- [EXERCISE PROMPT]
Sort through the entries below and pull out lines containing the word "Sweatshirt".
[AVAILABLE DATA Boundary: Start]
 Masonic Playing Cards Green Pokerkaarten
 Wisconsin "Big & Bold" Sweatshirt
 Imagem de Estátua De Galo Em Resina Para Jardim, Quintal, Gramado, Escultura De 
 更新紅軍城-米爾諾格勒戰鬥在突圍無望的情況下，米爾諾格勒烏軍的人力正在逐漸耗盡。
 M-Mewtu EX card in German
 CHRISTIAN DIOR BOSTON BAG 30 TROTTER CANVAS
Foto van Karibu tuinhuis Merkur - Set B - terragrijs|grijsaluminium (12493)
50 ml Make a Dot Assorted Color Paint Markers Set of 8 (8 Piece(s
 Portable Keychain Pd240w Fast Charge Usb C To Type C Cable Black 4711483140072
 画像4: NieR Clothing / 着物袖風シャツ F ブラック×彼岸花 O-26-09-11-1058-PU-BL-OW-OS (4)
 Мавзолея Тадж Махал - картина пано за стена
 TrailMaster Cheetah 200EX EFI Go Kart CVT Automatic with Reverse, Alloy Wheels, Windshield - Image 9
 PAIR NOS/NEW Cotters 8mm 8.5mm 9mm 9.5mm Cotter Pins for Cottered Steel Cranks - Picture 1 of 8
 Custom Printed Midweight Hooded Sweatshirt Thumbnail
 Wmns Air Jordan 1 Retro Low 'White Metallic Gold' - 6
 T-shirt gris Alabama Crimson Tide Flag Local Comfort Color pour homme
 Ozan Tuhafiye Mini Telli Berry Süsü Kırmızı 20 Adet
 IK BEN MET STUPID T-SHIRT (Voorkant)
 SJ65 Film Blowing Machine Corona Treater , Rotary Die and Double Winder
[AVAILABLE DATA Boundary: End]
- [EXERCISE OUTPUT]
 Wisconsin "Big & Bold" Sweatshirt
 Custom Printed Midweight Hooded Sweatshirt Thumbnail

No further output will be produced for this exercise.